In
the summer of 2011, the Arcola Branch Library, 49th in the network of
49 neighborhood libraries, opened on the site of an abandoned drive-in
movie theater. Forty years of blight was finally replaced with county
government's $4.525 million investment in the future of Liberty City.
The
story below was one of the repercussions of $7.4 million drained from
the library system 's 2009-10 budget the year before. The library's
money was granted to a list of organizations that provide high end art
exhibits and concert series.Taxpayers had no say in the decision that
library hours and library programs such as free tutoring were being cut. The 250 library staff affected went quietly. The public, for the
most part, only thought that the library system had hours reduced.

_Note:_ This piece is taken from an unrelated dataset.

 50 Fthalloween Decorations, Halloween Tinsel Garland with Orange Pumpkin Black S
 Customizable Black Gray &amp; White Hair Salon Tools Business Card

Here's how it felt for one of the survivors as he prepares to be a victim of the next tidal wave of 169 layoffs.
He will be one of our finest who will be told to leave for good. This is his story:
A pat on the back and a kick in the teeth seldom come on the same day.
Although the library staff knew they’d be coming close together. We were waiting for them both.
But not on the same day.
It was supposed to be our day of triumph.
We were opening the new library for Arcola Lakes.
We had given one of the poorest neighborhoods a state of the art library that would be envy of the richest.
They loved it.
The
people swarmed this palace of self-improvement filled with brand new
books, brand new computers, brand new furniture, brand new everything.
In one month we had gone from bare walls and bare floors to this.
Soon,
we were helping everyone, from hard-working immigrants trying to keep
up with USCIS paperwork to young mothers needing advice on helping their
child stop struggling with reading.
And today was the grand opening.
There
was the mayor, the county commissioner, our library director and half
dozen other VIPS. Several classes of children from Arcola Lake
Elementary came with their teachers. Even my old high school teacher,
now a school librarian herself, was there to see it.
The speeches were said. The applause, but not the glow from the achievement, faded away.
The mayor shook my hand. He shook all of our hands.
The VIPs left. Everyone relaxed.
And then they came.
They came with the layoff letters.
A demotion for my manager.
A demotion for me.
A termination for my new Trainee.
Transfers for some of the rest.
We were honored for our effort, then scattered to the four winds. All on the same day.
It
hurt but until this July I counted myself lucky and felt my fate was
hard but someone had thought it necessary to keep the library intact.
The library would go on and I would still able to serve. We would still get the job done.
Mine must’ve been the easiest letter to hand out that day. I could live with this.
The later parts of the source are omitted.